Per l’organizzazione di Isbrec, Biblioteca civica di Belluno e Anpi-sez.Cadore e la cura di Giovanni Grazioli, sabato 8 ottobre alle ore 10.00, presso il piazzale dell’Ospedale di Auronzo di Cadore, si terrà l’incontro Severino Rizzardi “Tigre” nelle pagine di Giovanna Zangrandi, dedicato alla figura del partigiano ucciso dai nazisti il 26 aprile 1945, a pochi giorni dalla fine delle ostilità.
L’incontro, che vanta i patrocini dei Comuni di Auronzo, Belluno, Pieve di Cadore e Galliera (Bologna) e della Magnifica Comunità di Cadore, si svolgerà secondo il seguente programma:

Giovanni Grazioli (Biblioteca di Belluno), Introduzione
Enrico Bacchetti (Isbrec), La Resistenza nel Bellunese e in Cadore
La compagnia del Moccolo, Letture tratte dal racconto “Gli ingrassavo le scarpe” e dal libro “Il campo rosso” di Giovanna Zangrandi
Roberta Fornasier, “Tigre” nell’anima e nell’Archivio di Giovanna Zangrandi

Seguirà un momento conviviale.
In caso di maltempo la manifestazione si terrà presso il palazzo Corte Metto di Auronzo.

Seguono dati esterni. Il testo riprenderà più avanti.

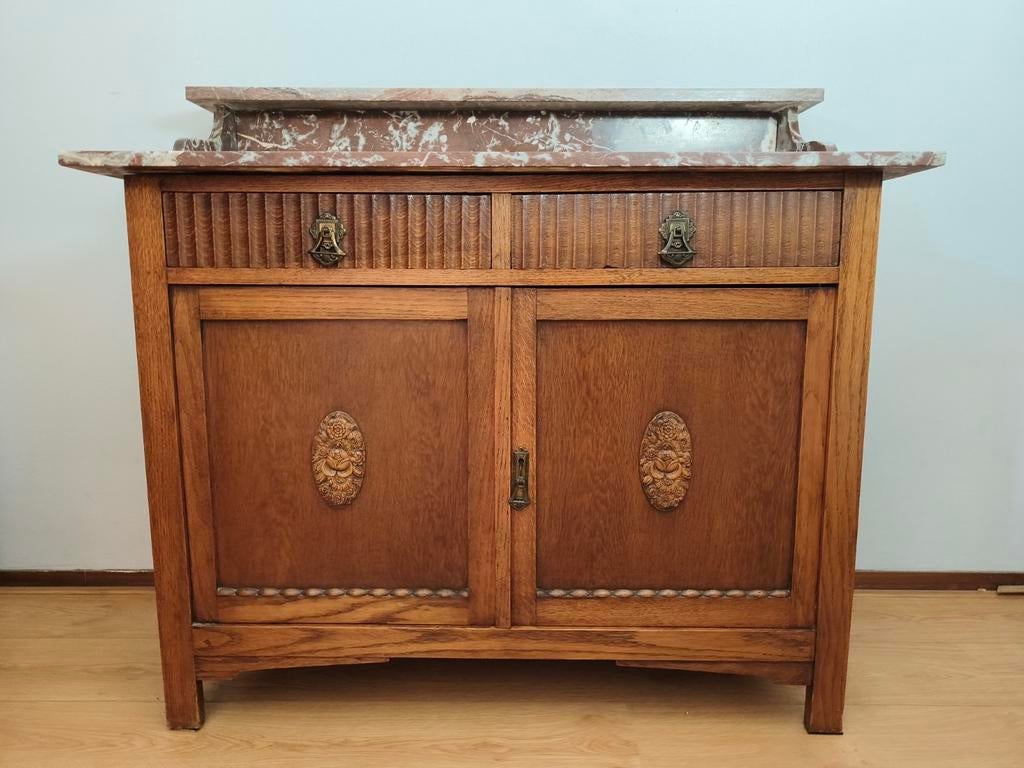 Antieke commode marmeren blad - dressoir kaptafel retro kast, Kinderen en Baby's, Ophalen, 50 tot 70 cm, Voetruimte, 100 cm of meer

Severino Rizzardi, figlio di Felice e Rizzardi Maria nacque il 20 ottobre 1917 ad Auronzo (Belluno). Bracciante, boscaiolo, imbianchino, fu partigiano nella brg. “Pier Fortunato Calvi” dal 17 luglio 1944 al 26 aprile 1945, data in cui cadde in combattimento nel tentativo di salvare dei compagni. Operò inizialmente come Comandante del btg. “Bepi Stris” e successivamente ricoprì il grado di Comandante della brigata. Fu decorato con Medaglia d’Argento al V.M. (21 giugno 1972) con la seguente motivazione: «Nella lotta di liberazione, prontamente ed arditamente intrapresa dopo l’armistizio, rivelava belle capacità di animatore e di organizzatore e brillanti doti di coraggio e di iniziativa conseguendo il comando di una brigata di partigiani. Particolarmente si distingueva in azioni di guerriglia efficacemente intralciando i movimenti dei nazisti nella Val Boite. Nelle ultime giornate insurrezionali, colto di sorpresa dal nemico mentre con pochi uomini organizzava il suo comando, si slanciava, con impeto generose ed allo scopo di consentire ai suoi di porsi in salvo, contro l’avversario con la pistola in pugno, cadendo da prode per la libertà della Patria. Auronzo di Cadore (Belluno), 26 aprile 1945».